• _Exercise instructions_:
For this exercise, restate every line below word for word and drop the images.

• _Available data_:
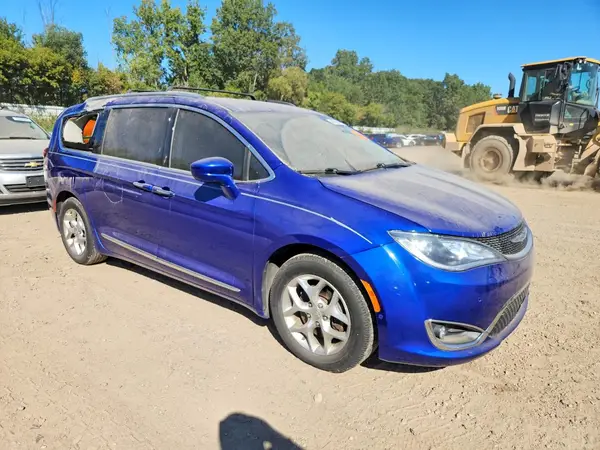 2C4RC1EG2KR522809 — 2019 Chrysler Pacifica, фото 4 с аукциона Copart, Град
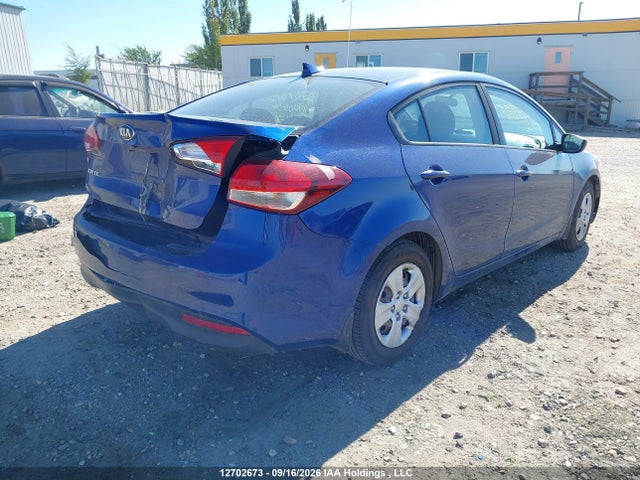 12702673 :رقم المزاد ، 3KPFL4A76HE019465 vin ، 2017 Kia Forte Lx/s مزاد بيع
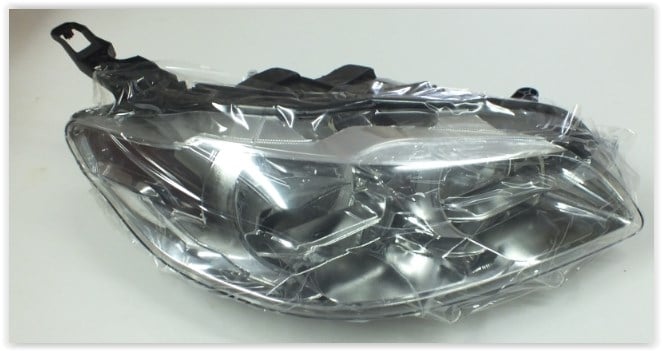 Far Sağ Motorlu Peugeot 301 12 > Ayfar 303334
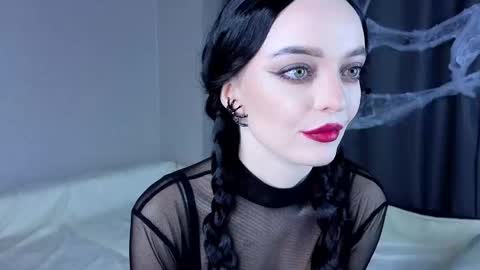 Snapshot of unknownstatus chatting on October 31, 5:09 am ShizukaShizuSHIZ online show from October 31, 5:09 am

• _Expected answer_:
 2C4RC1EG2KR522809 — 2019 Chrysler Pacifica, фото 4 с аукциона Copart, Град
 12702673 :رقم المزاد ، 3KPFL4A76HE019465 vin ، 2017 Kia Forte Lx/s مزاد بيع
 Far Sağ Motorlu Peugeot 301 12 > Ayfar 303334
 Snapshot of unknownstatus chatting on October 31, 5:09 am ShizukaShizuSHIZ online show from October 31, 5:09 am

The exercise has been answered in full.